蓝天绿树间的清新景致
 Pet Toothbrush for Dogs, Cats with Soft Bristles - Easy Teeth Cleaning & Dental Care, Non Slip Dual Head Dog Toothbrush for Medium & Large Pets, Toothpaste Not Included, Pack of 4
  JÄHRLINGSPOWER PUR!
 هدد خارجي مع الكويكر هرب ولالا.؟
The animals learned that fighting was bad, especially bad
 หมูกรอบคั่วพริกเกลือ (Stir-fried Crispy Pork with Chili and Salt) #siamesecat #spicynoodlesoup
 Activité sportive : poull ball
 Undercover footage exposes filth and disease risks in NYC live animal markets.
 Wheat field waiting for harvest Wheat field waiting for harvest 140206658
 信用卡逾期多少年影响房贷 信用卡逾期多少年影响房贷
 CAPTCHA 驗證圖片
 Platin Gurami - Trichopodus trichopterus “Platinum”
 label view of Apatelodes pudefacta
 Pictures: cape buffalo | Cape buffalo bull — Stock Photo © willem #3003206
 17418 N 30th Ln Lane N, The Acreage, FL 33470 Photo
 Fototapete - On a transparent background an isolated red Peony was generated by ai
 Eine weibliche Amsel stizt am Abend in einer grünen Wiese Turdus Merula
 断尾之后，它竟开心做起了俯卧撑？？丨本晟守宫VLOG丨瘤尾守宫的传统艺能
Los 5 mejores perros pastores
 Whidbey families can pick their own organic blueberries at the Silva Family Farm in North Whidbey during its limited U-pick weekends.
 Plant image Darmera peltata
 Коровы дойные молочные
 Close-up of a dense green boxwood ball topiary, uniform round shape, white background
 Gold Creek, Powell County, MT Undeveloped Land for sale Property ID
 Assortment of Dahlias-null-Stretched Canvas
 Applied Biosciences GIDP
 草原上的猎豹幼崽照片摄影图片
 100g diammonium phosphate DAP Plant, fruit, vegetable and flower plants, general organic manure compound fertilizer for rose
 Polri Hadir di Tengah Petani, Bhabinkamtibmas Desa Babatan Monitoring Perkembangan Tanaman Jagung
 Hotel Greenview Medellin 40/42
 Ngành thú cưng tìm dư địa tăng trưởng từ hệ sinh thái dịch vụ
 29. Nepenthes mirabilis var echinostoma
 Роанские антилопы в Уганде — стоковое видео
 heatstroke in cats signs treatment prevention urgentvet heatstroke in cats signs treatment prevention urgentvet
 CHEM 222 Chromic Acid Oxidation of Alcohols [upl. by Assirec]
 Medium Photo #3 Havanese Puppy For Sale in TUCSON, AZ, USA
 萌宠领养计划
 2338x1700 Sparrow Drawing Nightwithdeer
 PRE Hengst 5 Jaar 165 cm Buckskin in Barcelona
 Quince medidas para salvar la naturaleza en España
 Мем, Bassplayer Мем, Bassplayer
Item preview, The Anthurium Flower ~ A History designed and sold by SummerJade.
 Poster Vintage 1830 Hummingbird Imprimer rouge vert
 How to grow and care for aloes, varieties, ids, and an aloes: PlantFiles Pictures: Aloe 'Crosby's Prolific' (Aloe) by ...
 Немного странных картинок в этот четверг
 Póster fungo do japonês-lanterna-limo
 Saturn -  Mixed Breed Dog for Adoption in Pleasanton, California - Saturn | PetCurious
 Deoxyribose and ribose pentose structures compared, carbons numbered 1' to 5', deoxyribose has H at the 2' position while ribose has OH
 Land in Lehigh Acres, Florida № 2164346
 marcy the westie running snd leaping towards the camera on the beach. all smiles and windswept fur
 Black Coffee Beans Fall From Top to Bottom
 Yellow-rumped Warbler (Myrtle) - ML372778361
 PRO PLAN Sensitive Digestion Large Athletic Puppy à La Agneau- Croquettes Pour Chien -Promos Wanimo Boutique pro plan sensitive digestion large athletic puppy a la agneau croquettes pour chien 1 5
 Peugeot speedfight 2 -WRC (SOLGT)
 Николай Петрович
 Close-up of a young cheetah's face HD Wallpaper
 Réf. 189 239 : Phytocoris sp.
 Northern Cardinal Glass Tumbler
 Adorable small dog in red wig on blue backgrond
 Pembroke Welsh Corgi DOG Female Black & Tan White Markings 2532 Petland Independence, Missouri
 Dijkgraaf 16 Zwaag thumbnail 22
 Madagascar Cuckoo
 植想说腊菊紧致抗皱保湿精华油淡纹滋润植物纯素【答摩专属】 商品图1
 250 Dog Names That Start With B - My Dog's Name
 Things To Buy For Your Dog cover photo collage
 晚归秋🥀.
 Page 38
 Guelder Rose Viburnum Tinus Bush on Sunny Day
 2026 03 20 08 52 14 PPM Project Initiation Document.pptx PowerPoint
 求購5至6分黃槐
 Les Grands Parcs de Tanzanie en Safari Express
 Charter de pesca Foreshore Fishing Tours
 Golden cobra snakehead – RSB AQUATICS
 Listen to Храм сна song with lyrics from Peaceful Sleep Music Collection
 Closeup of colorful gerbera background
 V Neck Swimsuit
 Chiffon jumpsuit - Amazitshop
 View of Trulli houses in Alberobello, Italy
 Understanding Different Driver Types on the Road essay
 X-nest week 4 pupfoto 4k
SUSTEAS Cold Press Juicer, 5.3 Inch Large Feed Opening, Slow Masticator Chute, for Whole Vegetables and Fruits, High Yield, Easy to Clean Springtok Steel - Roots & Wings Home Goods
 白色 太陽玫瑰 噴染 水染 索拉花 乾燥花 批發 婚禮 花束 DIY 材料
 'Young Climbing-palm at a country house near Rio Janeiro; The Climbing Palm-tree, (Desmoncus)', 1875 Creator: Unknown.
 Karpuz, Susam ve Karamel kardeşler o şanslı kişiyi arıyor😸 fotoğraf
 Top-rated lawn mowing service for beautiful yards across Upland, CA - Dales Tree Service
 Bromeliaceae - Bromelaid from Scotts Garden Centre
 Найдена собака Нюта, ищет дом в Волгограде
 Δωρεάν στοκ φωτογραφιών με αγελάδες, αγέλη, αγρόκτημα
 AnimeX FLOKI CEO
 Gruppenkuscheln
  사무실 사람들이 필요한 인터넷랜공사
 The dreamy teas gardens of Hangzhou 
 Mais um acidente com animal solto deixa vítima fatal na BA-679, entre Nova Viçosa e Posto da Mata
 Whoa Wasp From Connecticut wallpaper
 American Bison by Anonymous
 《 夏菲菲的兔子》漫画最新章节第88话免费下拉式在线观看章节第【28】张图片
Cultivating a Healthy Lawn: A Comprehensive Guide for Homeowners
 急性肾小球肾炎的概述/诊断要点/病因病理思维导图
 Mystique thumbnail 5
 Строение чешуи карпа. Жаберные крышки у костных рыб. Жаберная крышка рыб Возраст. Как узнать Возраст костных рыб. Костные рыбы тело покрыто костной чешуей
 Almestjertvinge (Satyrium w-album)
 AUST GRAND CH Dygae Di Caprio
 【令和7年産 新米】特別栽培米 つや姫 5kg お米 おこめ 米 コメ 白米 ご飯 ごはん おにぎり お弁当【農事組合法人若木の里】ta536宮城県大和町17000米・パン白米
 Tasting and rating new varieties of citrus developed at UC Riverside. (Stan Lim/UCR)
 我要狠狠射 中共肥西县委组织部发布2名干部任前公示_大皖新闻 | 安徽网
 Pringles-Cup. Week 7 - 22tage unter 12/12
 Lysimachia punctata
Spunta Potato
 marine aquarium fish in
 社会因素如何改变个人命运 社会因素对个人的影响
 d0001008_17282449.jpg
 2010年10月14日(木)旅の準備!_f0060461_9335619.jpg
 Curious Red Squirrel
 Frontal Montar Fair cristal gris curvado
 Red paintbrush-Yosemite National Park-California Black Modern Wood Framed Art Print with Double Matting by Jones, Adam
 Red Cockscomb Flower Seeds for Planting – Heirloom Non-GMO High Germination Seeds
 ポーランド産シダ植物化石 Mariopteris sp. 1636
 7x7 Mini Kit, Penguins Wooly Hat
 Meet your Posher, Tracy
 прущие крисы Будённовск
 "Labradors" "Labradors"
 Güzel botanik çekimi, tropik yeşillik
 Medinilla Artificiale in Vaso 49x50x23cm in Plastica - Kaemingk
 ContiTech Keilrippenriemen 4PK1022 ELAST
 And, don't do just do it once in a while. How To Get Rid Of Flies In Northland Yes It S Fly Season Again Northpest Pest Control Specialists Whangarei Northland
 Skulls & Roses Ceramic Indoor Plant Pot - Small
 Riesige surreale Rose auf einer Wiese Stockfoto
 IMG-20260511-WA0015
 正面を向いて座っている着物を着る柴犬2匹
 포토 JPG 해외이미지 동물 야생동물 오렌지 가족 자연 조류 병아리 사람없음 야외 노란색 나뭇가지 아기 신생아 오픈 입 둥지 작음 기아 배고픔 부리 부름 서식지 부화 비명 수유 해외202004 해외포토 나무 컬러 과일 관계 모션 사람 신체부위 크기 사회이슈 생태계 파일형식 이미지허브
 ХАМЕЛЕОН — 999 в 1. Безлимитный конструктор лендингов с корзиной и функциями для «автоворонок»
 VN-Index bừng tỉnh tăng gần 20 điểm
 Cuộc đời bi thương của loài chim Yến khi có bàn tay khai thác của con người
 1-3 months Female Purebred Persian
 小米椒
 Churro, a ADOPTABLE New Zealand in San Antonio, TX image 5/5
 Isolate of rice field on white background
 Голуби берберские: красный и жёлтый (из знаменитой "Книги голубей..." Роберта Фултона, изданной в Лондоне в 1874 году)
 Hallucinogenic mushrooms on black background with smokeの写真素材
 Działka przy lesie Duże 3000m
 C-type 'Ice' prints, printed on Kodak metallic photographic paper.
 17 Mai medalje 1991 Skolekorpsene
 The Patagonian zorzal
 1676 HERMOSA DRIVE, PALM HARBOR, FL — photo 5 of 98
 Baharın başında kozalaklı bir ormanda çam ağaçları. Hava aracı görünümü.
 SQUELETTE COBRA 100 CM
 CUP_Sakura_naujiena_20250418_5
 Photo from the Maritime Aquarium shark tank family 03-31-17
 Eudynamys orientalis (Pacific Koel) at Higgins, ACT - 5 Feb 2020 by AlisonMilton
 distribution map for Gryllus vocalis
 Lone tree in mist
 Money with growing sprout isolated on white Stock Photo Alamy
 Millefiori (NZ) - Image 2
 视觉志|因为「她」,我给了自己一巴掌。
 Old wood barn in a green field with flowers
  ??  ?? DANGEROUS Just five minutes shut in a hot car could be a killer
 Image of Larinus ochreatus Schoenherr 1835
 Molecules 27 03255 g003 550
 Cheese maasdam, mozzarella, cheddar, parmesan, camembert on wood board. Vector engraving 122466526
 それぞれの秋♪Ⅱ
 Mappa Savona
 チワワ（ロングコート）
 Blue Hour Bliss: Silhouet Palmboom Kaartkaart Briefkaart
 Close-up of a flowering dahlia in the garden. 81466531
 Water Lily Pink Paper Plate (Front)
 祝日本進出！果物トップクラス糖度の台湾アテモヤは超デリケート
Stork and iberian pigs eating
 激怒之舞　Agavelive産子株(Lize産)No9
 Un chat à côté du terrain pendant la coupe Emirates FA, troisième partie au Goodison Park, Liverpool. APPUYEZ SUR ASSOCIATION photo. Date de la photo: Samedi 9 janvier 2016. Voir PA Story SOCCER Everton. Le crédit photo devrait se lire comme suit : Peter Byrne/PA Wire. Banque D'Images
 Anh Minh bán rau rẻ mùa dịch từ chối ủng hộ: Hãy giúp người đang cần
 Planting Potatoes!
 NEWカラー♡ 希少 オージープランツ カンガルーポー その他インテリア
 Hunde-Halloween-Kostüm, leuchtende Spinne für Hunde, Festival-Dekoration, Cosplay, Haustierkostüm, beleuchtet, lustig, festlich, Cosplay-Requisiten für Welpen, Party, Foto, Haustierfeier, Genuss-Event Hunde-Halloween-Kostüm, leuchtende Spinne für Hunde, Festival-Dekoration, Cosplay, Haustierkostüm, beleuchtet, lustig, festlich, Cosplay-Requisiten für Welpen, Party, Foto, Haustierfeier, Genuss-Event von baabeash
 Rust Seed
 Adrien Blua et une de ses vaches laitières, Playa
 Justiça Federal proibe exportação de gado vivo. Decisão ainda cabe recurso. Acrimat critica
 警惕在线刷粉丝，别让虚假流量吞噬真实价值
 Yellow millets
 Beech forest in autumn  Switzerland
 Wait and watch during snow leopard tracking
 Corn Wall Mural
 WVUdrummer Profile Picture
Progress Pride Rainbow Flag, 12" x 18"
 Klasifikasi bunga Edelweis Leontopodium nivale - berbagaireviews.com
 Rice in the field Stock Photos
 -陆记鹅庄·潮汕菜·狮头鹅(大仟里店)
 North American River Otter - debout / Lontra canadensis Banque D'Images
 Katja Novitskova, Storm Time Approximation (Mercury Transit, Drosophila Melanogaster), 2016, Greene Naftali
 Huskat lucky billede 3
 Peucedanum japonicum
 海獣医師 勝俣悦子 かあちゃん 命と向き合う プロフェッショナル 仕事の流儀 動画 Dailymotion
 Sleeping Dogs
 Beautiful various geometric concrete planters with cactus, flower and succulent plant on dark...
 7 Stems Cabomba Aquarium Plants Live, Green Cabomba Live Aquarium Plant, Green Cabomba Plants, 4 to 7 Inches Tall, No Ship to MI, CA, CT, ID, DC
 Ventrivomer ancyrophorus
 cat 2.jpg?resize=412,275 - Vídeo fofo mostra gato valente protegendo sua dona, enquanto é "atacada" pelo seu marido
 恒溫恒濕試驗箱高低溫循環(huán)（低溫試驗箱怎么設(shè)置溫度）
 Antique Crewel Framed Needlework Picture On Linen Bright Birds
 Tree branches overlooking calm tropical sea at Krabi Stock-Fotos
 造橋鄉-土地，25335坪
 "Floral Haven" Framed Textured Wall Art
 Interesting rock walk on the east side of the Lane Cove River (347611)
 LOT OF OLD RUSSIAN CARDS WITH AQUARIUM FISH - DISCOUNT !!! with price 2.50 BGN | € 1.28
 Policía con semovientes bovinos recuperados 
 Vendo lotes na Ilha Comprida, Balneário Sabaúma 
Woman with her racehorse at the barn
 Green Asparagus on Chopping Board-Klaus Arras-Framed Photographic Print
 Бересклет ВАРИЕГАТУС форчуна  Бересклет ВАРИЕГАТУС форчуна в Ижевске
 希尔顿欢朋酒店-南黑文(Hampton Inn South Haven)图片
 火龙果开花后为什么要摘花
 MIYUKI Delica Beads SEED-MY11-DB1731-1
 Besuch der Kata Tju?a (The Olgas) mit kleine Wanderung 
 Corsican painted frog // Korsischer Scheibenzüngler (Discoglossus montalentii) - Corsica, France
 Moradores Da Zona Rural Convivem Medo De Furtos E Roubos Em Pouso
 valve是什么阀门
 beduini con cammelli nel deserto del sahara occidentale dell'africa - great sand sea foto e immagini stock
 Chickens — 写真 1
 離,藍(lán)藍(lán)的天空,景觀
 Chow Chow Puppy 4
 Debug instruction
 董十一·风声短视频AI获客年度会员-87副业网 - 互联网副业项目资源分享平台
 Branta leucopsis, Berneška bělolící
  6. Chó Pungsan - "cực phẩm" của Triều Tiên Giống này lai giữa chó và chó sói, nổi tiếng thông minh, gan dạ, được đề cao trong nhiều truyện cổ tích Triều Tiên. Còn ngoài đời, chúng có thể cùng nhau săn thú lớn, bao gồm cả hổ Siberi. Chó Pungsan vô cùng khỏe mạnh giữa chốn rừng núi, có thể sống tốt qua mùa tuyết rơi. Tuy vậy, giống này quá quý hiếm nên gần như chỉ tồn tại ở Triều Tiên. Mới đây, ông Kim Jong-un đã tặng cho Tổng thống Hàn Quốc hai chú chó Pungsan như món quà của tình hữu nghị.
· · · · · · ·
Print again the lines of the entries above that fall between the line holding "断尾之后，它竟开心做起了俯卧撑？？丨本晟守宫VLOG丨瘤尾守宫的传统艺能" and the line holding "Коровы дойные молочные", inclusive, exactly as they stand.

Exercise answer:
 断尾之后，它竟开心做起了俯卧撑？？丨本晟守宫VLOG丨瘤尾守宫的传统艺能
Los 5 mejores perros pastores
 Whidbey families can pick their own organic blueberries at the Silva Family Farm in North Whidbey during its limited U-pick weekends.
 Plant image Darmera peltata
 Коровы дойные молочные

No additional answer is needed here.